The cash thing is just weird, though. I do a lot of traveling for work, and while there are some purchases where cash isn't an option (hotel rooms, rental vehicles, airline tickets, etc), I've seen numerous people purchase meals and make small purchases at events using cash. The only way I can see using cash being a faux pas is if the company's paying expenses, and using a corporate credit card to track expenses--in that case, using cash is considered a red flag, because it raises the specter of fraud (an issue easily circumvented by requiring receipts for purchases over $20 or so). This seems like nothing more than another salvo in the war on cash, which means: the war on privacy.

Gus Van Horn said...

Regarding both the cash and the use of technology, Green is with you, and gives great answers, both to the question about cash and the one the manager indirectly raises about technology.

Snedcat said...

Yo, Gus, you write: Then, feeling mischievous, I added, "I'll print four."

Oh, are you getting a new cat?

(Sad to say, that was my first thought when I read it. Not enough coffee perhaps?)

Gus Van Horn said...

Hah. Could be -- the lack of caffeine, not quite yet on the cat.

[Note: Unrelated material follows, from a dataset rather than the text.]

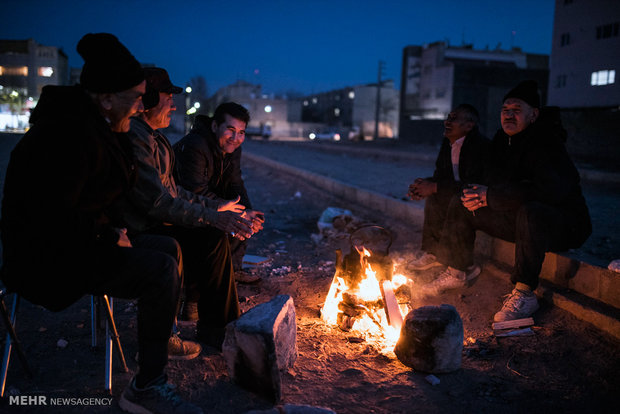 بازیکنان لذت نوشــیدن یک اســتکان چای، دور آتش را بعد از یک بازی پر هیجان کمتر از بازی توپ و چوب نمی دانند.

My daughter wants a fish, so that might be in the works.

Snedcat said...

Yo, Gus, you write, "Hah. Could be -- the lack of caffeine, not quite yet on the cat." This all reminds me of an amusing story. Many years ago one of my physics professors went out of town for a conference for about a week. He came back on a Saturday night and inspected the lab the next morning (he was an experimentalist), and he left a note on the door, "The cat is BACK." Unfortunately, the point was generally lost--most of his students were Chinese, so when he went in the next morning several of them asked, "Oh, did you get a new cat?!?"